Let \mathbf{Z}=(Z_{1},\ldots,Z_{n})^{\prime} denote a vector of n iid standard normal random variables. Then \mathbf{Z}\sim N(\mathbf{0},\,\mathbf{I}_{n}) where \mathbf{I}_{n} denotes the n-dimensional identity matrix. Given \mathbf{Z}, we would like to create a random vector \mathbf{X} such that \mathbf{X}\sim N(\mu,\,\Sigma). Let \Sigma^{1/2} denote the upper triangular Cholesky factor of \Sigma such that \Sigma=\Sigma^{1/2 \prime}\Sigma^{1/2}. Define \mathbf{X} using \mathbf{X}=\mu+\Sigma^{1/2 \prime}\mathbf{Z}. Then \begin{eqnarray*} E[\mathbf{X}] & = & \mu+\Sigma^{1/2}E[\mathbf{Z}]=\mu,\\ \mathrm{var}(\mathbf{X}) & = & \mathrm{var}\left(\Sigma^{1/2}\mathbf{Z}\right)=\Sigma^{1/2 \prime}\mathrm{var}(\mathbf{Z})\Sigma^{1/2}=\Sigma^{1/2 \prime}\mathbf{I}_{n}\Sigma^{1/2}=\Sigma. \end{eqnarray*} Hence, \mathbf{X}\sim N(\mu,\,\Sigma).

\blacksquare

Example 2.30 (Simulating multivariate normal random vectors in R)
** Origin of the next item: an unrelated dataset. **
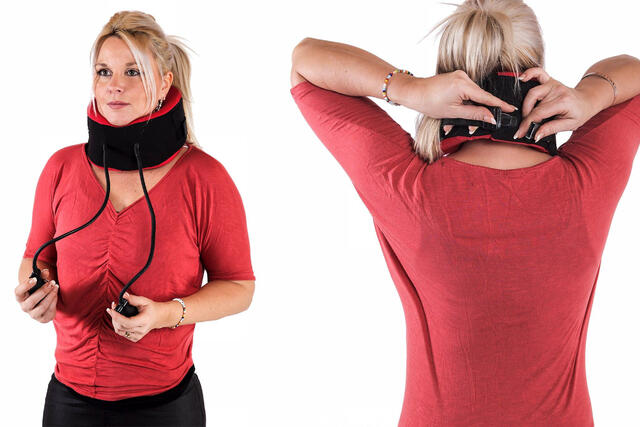 En nakkekrage er en støtte til nakke, skuldre og hode. Kragen avlaster og immibiliserer nakkevirvlene og brukes ofte til å lindre nakkesmerter, stress og spenninger.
Here, we illustrate how to simulate \mathbf{X} \sim N(\mu, \Sigma) where \mu = (1,1)^{\prime} and \Sigma = \left(\begin{array}{ll} 1 & 1\\ 1 & 4 \end{array}\right) First, specify the mean vector and covariance matrix for the the bivariate normal distribution:

mu.vec = c(1,1)
sigma.1 = 1
sigma.2 = 2
rho.12 = 0.5
sigma.12 = rho.12*sigma.1*sigma.2
Sigma = matrix(c(sigma.1^2, sigma.12, sigma.12, sigma.2^2), 
               2, 2, byrow=TRUE)
mu.vec
## [1] 1 1
Sigma
##      [,1] [,2]
## [1,]    1    1
## [2,]    1    4

Second, compute the Cholesky factorization of \Sigma:

Sigma.5 = chol(Sigma)
Sigma.5
##      [,1]     [,2]
## [1,]    1 1.000000
## [2,]    0 1.732051

Third, simulate \mathbf{Z} \sim N(\mathbf{0}, \mathbf{I}_{2})

n = 2
set.seed(123)
Z = rnorm(n)

Fourth, compute \mathbf{X} = \mu + \Sigma^{1/2 \prime}\mathbf{Z}

X = mu.vec + t(Sigma.5)%*%Z
X
##            [,1]
## [1,] 0.43952435
## [2,] 0.04084525

\blacksquare